- **Task instructions**
Starting with the line that contains "For Sale: $275,000", copy out each line through the end of the entries below, exactly as written, and nothing else.

##########

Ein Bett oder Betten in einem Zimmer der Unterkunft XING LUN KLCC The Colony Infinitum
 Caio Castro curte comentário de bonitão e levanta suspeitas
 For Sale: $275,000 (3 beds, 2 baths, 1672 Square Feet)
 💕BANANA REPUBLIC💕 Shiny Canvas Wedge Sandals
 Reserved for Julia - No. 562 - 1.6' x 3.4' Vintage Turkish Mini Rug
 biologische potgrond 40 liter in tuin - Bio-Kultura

##########

- **Result for this task**
 For Sale: $275,000 (3 beds, 2 baths, 1672 Square Feet)
 💕BANANA REPUBLIC💕 Shiny Canvas Wedge Sandals
 Reserved for Julia - No. 562 - 1.6' x 3.4' Vintage Turkish Mini Rug
 biologische potgrond 40 liter in tuin - Bio-Kultura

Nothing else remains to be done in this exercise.